There are tears behind those glasses
At the next food station I downed water, sat down, inhaled many many fig rolls and found solace in conversation with others who were also finding it hard. We got to 50 miles... this should have been the end! 16 miles to go! We walked up a particularly nasty hill, but somehow I managed to cycle the remaining hills. As the miles ticked off I found reserves. 10 miles to go! We stopped again and a pony tried to eat my saddle, helmet and energy bar. It made me giggle and put me in the right frame of mind for finishing.
Greedy pony

The last six miles were fine. As we pull back on to the estate we'd started from I could feel myself welling up. I told Dean to expect tears on the finish line. It had taken me over six hours but I managed to complete the bike ride. I was a big bag of emotions. I could do this. It was further than I'd have to cycle in the triathlon but of course I'd not just done a swim nor did I have to run a half marathon right away. We collected our medals, finishers t-shirts and snacks. Once I regained the use of my legs and had finished reassuring my mum on the phone that I was ok, I got us some ice creams and my word they were the best ice creams ever! The benefit of finishing so late was that we had plenty of space to laze around in for a while and could easily find the car. Every cloud!
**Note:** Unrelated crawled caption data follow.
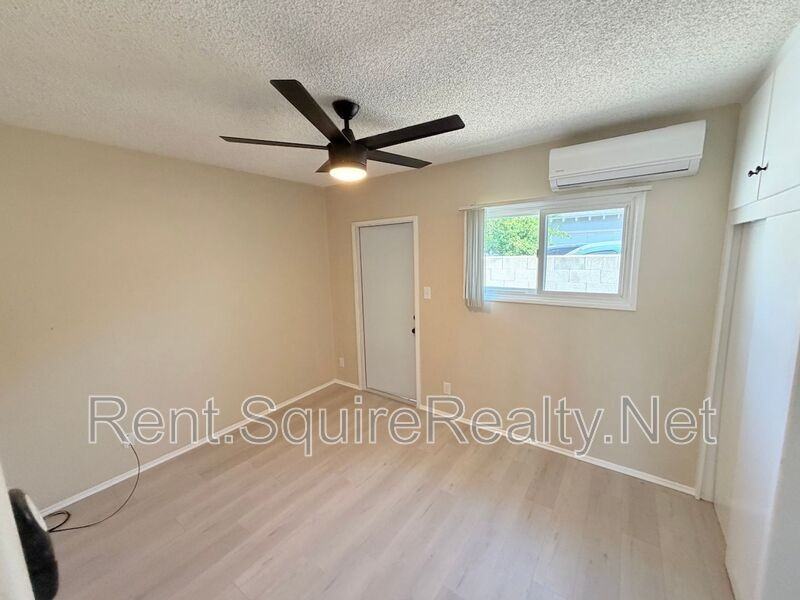 247 W 9th St - Photo 6 of 9
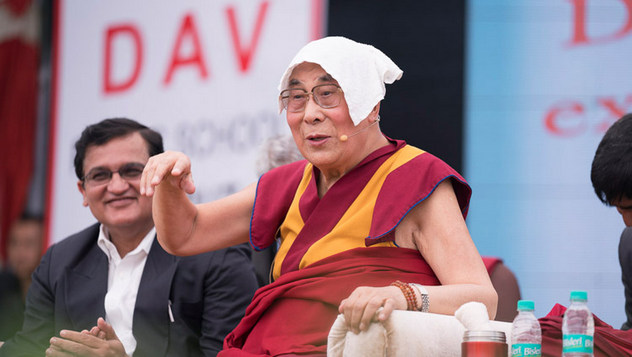 В Мератхе Далай-лама принял участие в запуске программы по преподаванию светской этики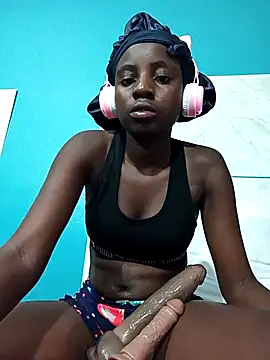 BlackPearl 19 online show from February 3, 8:19 am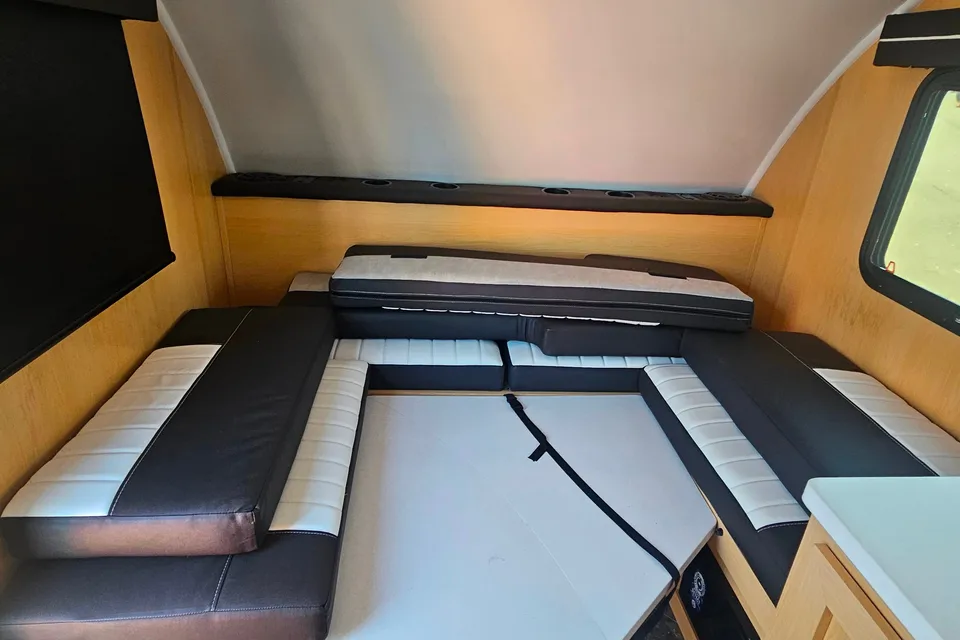 Clayton's Modern Buggy BB12 Travel Trailer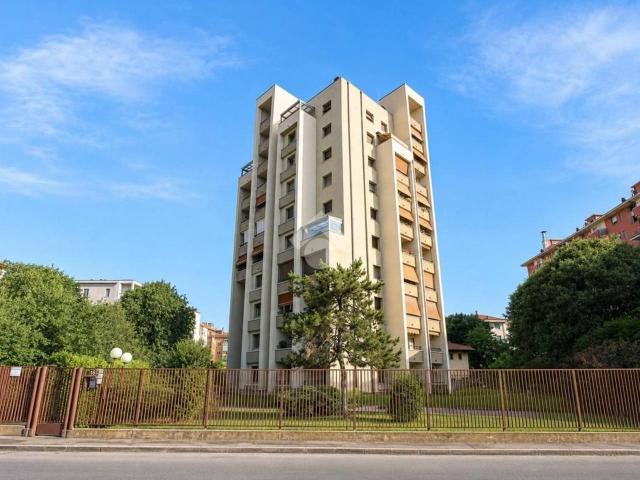 Box in vendita a Milano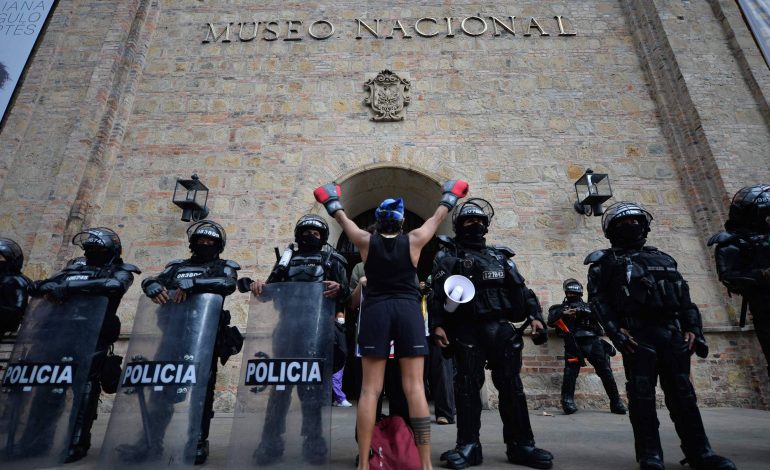 espriella-retira-itens-sobre-feminismo-e-direitos-lgbtqia+-de-museu-na-colombia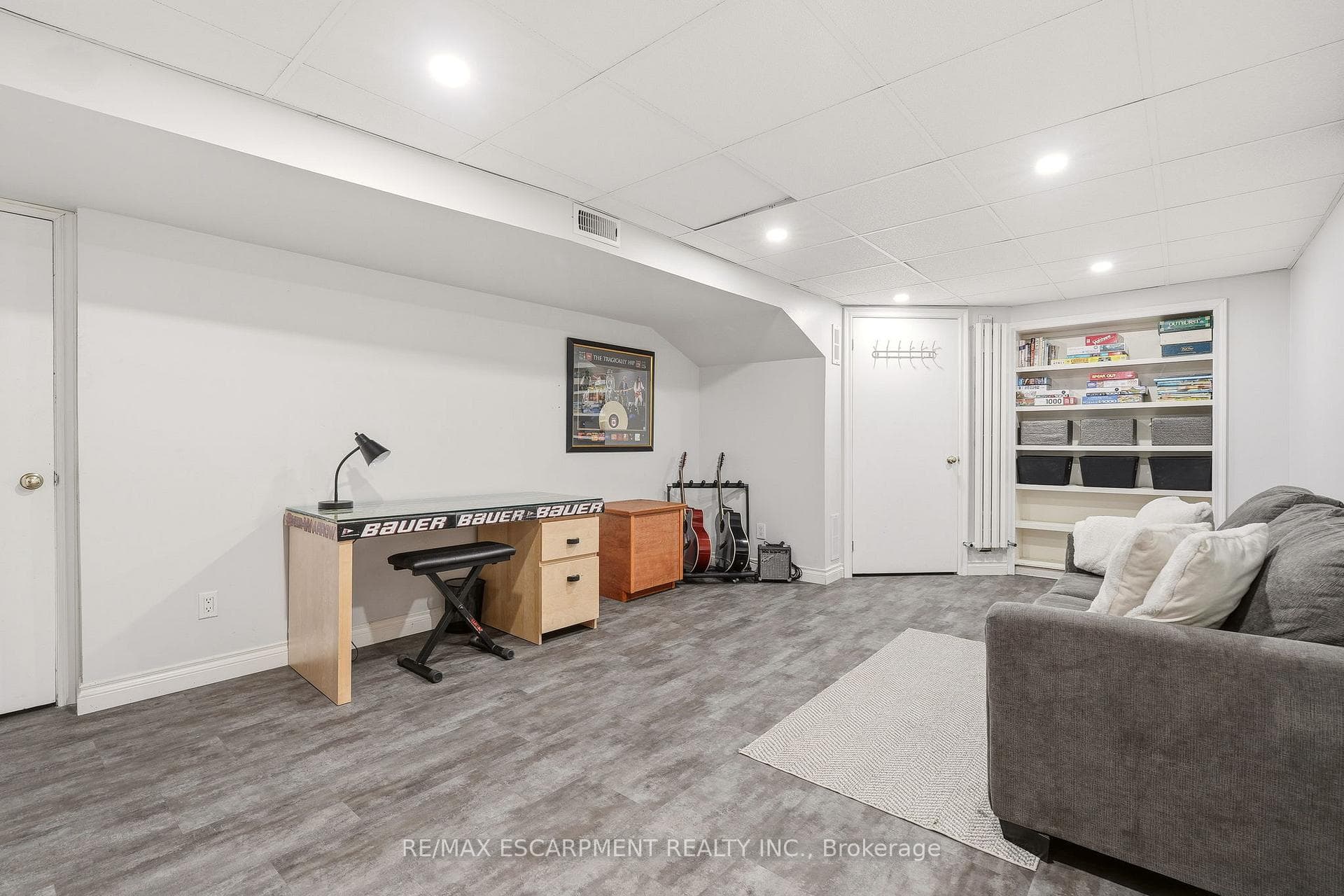 600 Deborah Crescent photo 21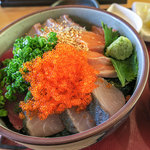 スペシャル感も十分の海鮮丼でした。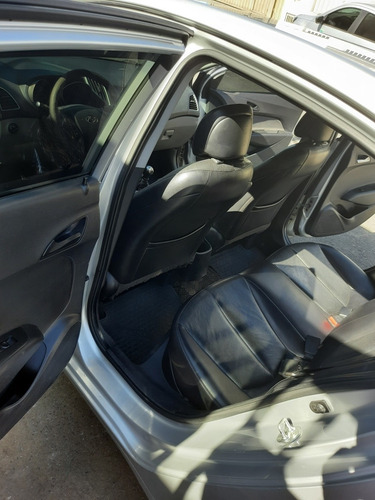 Imagem 12 de 15 de Hyundai Hb20s 2018 1.0 Comfort Plus Flex 4p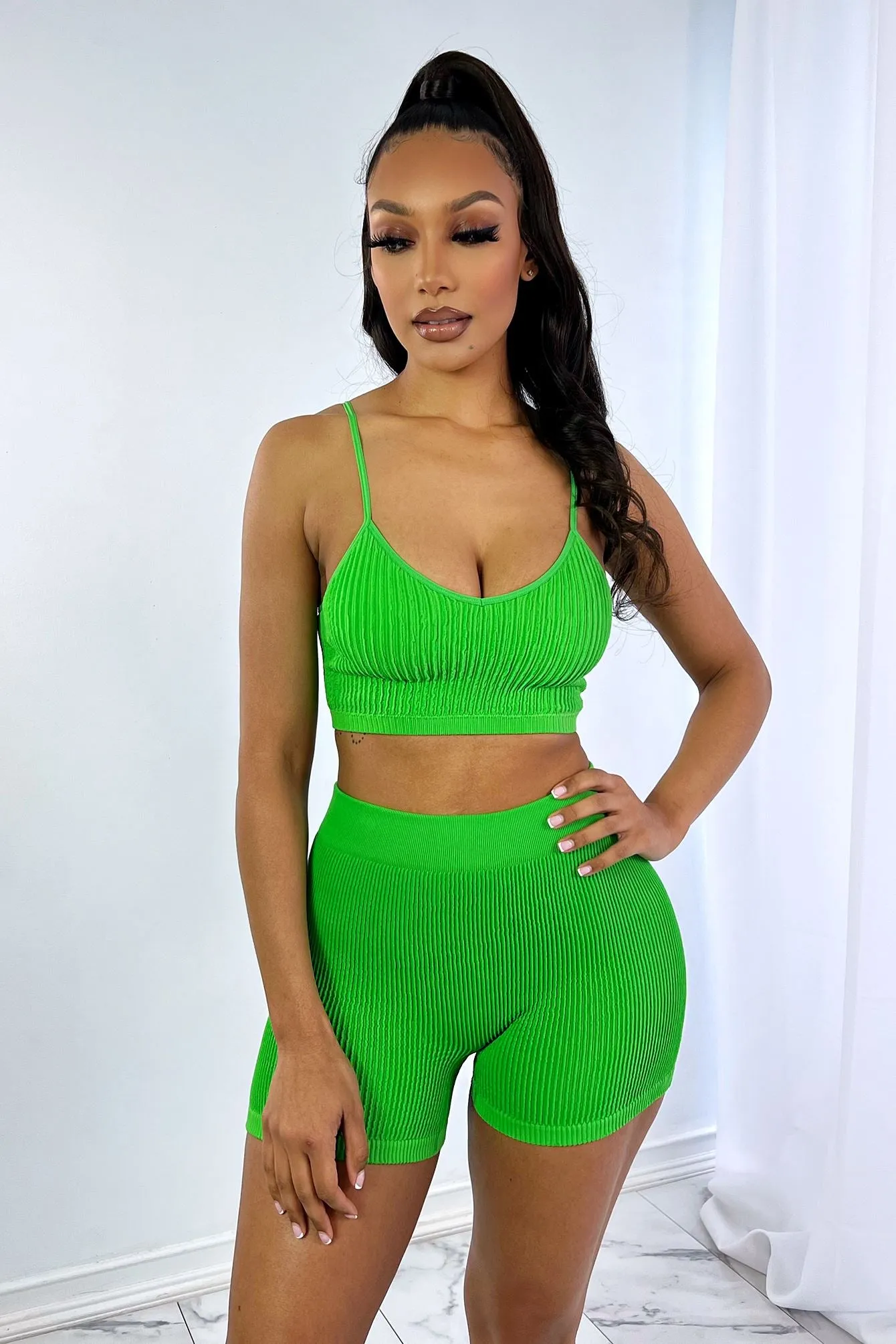 Absolutes Rippen-Crop-BH-Top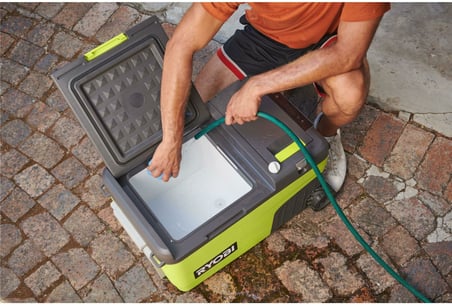 Ryobi RY18CB23A-0 18V Akülü Soğutucu 23 Lt  (Akü ve Şarj Cihazı Dahil Değildir.) - 5133006103
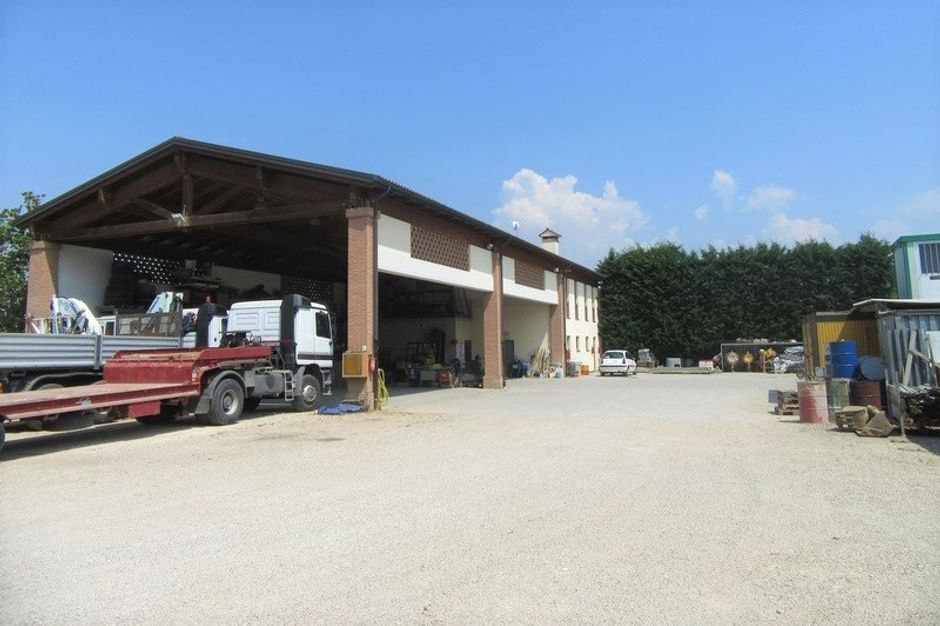 #7862 Palazzina uffici con capannone e piazzale in vendita - foto 1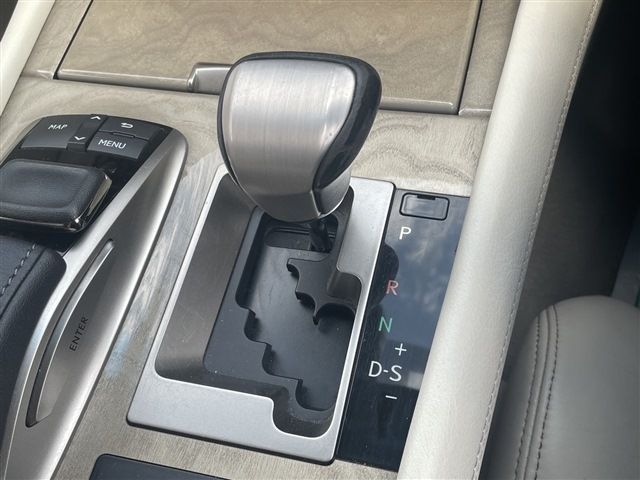 TOYOTA LEXUS LS600H 2015 Image 31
That weekend has been a real turning point for me in my training. It was a lot of fun, but tiring. All the events were great and I'd especially recommend the Wiggle events. The process has helped me to consolidate what I've already done and identify what I still need to work on. I've since signed up for another sportive and put some club rides in the calendar. Lake swimming season is upon us as we've plans to go together when we can. I'm still nervous for the triathlon, especially as my running seems to be consistently sluggish at the moment, but I know I've got the strength to pull through.

Do you use events as part of your training plan?